Glenfield occupies the North extremity of the building. It is entered by double doors which formerly gave onto a utility area containing compressor equipment for the refrigeration rooms situated immediately to the South. The bathroom was formerly part of this region. The bedroom was the generator room. At the end of the nineteenth century forward looking proprietors were installing electricity to replace gas as the principal means of lighting. The domestic quarters were therefore extended to house new generator plant which was powered by water fed via a ram pump from a reservoir constructed above the Iron Stag field. Near the North wall of the sitting room was a sump which received the water passing through the turbine; subsequently the water exited beneath the East wall to reach the burn which still supplies the pond.
Glenfield's kitchenette was primarily a coal store which was charged via the low window with wooden shutters. Most the of sitting room area contained generator equipment. Photographs displayed on the wall show the stages in transformation from powerhouse to holiday let. The generator system was in use until 1981 and although the electricity system is now mains powered, the original nineteenth century switches with glass covers have been retained.
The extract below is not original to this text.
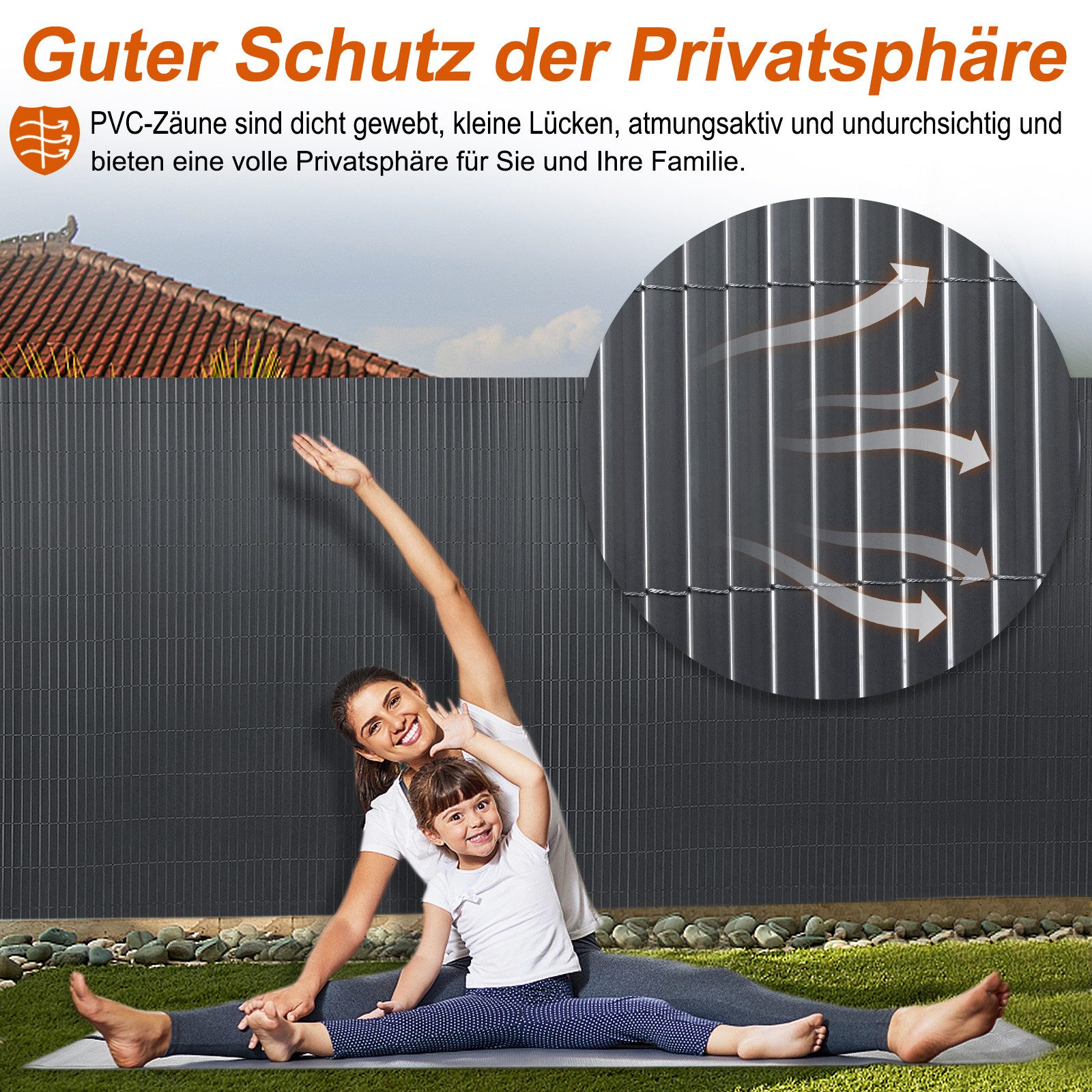 FIVMEN Sichtschutzzaunmatten PVC Sichtschutzmatte Balkon Sichtschutz Privatsphäre Sichtschutzzaun, Wetterfest Windschutz Zaun, mit Kabelbindern, für Garten, Balkon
From the garden door one looks almost directly on to the head of the Prince's Walk; the Prince's Well lies just beyond the start of the Walk on the right-hand (North) side. By strolling down the Prince's Walk and then following the road to the West for 600 metres one can reach the view and commemorative plaque of the Seven Men of Moidart (The Prince, Sir Thomas Sheridan, his tutor, Captain JOgn O'Sullivan, George Kelly, The Marquess of Tullibardine, Aeneas Macdonald and Francis Stickland). The Prince and his companions reached Loch Moidart on 11th August 1745.